Commencement Ceremonies Honor ENG Graduates
Story and Photos by Sara Cody
All eyes were on the Class of 2017 as more than 360 graduates gathered at Commencement Exercises on May 20 in Agganis Arena to celebrate the next chapter of their lives. A common refrain throughout the day urged graduates to remember their roots as they moved forward in their new careers.
“Many of the attributes that we attempt to begin instilling in you beyond your degree so you can become successful societal engineers. But it turns out there is one attribute that may be the single most important ingredient to have success in life. And that is the ability, the willingness, the desire, the passion to work really hard,” said Dean Kenneth R. Lutchen. “It’s really hard to become an engineer, and not everyone can do it. But you can.”

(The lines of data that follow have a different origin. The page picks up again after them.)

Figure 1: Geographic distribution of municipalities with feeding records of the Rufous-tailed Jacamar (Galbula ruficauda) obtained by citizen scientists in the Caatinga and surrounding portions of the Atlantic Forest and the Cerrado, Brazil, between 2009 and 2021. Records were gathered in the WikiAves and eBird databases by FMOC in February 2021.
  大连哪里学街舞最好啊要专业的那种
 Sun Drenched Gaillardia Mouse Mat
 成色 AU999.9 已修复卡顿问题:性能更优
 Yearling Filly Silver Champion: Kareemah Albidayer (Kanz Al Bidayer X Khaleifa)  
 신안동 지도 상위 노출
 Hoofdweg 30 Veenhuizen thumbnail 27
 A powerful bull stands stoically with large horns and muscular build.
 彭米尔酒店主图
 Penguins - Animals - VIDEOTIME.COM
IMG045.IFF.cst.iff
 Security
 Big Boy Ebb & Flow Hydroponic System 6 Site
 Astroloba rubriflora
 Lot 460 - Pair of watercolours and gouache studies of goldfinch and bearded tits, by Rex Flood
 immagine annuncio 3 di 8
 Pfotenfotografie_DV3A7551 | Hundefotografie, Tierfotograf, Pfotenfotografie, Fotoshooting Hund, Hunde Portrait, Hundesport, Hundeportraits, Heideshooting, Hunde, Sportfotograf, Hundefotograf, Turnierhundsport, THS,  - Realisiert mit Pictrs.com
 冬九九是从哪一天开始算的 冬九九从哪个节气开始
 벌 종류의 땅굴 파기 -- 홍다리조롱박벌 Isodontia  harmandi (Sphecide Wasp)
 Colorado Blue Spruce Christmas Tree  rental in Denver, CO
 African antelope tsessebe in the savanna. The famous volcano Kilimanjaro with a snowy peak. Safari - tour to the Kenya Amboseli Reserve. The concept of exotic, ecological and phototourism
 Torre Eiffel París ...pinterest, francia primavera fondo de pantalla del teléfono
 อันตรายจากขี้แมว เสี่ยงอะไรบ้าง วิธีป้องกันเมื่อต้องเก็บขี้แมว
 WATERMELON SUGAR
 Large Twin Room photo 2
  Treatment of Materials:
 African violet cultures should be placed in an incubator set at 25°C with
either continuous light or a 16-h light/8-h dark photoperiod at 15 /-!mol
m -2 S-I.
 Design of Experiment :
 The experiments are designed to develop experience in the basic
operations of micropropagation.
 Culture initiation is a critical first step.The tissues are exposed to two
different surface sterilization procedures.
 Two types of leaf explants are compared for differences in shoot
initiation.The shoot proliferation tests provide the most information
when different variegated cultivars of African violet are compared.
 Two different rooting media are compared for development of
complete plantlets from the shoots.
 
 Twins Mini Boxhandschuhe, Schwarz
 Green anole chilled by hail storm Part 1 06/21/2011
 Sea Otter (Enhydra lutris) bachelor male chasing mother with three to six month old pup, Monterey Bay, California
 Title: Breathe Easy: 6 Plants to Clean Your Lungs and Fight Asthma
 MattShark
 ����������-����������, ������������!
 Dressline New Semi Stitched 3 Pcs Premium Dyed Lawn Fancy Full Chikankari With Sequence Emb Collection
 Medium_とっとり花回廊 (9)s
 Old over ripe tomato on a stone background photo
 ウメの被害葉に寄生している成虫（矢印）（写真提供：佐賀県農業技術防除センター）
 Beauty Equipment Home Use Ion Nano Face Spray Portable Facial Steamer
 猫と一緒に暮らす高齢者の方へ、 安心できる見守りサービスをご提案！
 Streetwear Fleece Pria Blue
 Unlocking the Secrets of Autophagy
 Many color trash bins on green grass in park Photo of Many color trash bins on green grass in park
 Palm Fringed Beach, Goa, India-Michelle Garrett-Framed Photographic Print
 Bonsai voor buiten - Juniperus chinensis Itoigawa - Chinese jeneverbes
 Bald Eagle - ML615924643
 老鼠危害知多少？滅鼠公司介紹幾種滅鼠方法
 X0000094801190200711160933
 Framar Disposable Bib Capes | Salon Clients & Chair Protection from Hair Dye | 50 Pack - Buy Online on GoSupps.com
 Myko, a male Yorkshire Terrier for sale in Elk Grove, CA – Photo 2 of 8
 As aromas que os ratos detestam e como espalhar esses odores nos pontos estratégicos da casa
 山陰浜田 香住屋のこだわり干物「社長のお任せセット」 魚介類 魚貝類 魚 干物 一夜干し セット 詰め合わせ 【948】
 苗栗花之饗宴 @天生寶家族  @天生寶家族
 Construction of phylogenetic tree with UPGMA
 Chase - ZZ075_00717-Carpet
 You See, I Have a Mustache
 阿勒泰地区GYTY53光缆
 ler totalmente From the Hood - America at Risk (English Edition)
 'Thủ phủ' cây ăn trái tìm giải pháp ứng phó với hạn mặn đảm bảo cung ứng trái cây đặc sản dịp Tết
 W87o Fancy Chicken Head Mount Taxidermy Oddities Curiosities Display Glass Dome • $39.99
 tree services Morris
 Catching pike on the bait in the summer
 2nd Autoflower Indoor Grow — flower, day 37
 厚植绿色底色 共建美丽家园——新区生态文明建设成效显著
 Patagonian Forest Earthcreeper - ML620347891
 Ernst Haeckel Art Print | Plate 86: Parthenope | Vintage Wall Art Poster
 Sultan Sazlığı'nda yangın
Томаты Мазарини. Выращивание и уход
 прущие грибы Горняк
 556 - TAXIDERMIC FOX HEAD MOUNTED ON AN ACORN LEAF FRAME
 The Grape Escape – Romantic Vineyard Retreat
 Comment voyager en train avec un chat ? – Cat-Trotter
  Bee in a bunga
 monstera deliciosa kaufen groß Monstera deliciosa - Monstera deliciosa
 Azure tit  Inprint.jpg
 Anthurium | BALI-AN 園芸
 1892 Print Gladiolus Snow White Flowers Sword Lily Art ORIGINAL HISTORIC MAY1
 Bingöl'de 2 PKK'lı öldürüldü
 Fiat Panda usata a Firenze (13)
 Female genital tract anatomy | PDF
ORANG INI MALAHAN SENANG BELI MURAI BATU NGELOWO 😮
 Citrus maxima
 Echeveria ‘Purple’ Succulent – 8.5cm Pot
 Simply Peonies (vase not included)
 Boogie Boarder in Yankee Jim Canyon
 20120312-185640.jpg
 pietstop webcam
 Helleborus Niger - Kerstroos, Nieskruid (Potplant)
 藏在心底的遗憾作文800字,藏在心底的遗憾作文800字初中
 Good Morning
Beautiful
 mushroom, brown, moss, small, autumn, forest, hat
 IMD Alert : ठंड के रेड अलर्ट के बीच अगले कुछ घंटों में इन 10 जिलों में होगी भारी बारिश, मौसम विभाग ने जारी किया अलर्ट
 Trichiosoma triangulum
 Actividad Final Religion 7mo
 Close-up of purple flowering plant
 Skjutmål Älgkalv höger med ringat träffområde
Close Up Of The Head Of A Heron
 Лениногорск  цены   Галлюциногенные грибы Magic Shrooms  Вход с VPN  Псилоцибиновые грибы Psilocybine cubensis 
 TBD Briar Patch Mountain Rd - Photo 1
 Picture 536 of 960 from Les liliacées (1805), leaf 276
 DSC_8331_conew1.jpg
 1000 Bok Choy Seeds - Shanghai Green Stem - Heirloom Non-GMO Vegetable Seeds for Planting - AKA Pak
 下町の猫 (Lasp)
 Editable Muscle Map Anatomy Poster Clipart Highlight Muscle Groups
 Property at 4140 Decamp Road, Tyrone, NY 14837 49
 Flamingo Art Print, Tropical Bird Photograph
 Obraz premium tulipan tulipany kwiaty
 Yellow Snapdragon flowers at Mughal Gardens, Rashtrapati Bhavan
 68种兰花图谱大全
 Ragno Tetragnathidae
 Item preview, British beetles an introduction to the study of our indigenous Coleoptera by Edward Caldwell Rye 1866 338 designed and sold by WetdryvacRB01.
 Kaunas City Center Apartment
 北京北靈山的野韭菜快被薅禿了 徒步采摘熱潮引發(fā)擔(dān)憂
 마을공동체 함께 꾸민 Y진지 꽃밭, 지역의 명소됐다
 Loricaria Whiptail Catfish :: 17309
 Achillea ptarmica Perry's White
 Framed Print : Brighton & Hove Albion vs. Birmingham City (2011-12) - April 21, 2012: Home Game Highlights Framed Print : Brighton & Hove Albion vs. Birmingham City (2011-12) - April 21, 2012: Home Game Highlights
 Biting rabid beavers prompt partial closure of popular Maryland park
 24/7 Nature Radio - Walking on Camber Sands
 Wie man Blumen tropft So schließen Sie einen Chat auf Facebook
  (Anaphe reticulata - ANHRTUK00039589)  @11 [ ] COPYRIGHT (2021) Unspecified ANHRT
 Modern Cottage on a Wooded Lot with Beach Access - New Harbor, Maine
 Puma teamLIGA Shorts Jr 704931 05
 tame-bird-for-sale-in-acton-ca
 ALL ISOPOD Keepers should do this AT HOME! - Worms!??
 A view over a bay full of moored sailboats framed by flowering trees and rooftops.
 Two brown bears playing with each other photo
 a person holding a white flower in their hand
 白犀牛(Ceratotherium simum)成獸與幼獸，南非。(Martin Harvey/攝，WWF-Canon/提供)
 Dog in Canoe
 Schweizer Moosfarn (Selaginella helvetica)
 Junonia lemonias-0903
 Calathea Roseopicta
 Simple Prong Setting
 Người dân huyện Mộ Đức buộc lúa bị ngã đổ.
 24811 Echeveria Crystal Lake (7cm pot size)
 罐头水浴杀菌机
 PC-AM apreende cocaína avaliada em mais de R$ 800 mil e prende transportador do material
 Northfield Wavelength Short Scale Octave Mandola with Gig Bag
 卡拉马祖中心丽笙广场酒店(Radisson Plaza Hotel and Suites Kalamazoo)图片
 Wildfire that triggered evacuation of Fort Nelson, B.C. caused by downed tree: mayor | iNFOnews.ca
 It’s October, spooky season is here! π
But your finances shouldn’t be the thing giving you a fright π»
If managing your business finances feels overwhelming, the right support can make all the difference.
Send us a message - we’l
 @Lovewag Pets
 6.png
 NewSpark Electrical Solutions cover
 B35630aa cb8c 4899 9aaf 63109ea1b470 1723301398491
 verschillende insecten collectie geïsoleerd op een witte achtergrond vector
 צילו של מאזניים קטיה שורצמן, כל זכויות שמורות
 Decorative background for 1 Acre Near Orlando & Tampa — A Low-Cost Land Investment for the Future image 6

Next, student speaker Lauren Etter (ME’17) shared her connection to the College mission of creating the societal engineer. She recounted her experience designing a water filtration system for a community in Zambia while participating in Engineers without Borders. A majority of the system was built in Boston and brought to the developing country for implementation. However, when she arrived she realized the tools that were so readily available in the United States were no longer at her disposal in the field and she had to improvise using the limited resources available. With help from the community elders, they worked together to devise a simple solution that allowed the water filtration system to be implemented successfully.
“The societal engineer is the bold idea of having an awareness of your surroundings and being able to contribute positively through problem solving,” said Etter. “We have an obligation to engage with our world. We have the technical foundation and the moral obligation to make a difference. Through our education here at BU, we’ve come to realize that being a societal engineer means being dynamic in our solutions.”
Colin Angle, CEO and co-founder of iRobot Corp., presented the commencement address, which focused on his experience building a company and provided advice for graduates moving into the working world, particularly around finding the best cultural fit.
“Most of you are about to enter the workforce and you want a job that you will enjoy at an employer that will value in return. Companies, like people, have personalities and there are ones that you will like and some that you will not,” said Angle. “Your longer term happiness in any job and your career is based on being a part of something you believe in and that align well with who you are.”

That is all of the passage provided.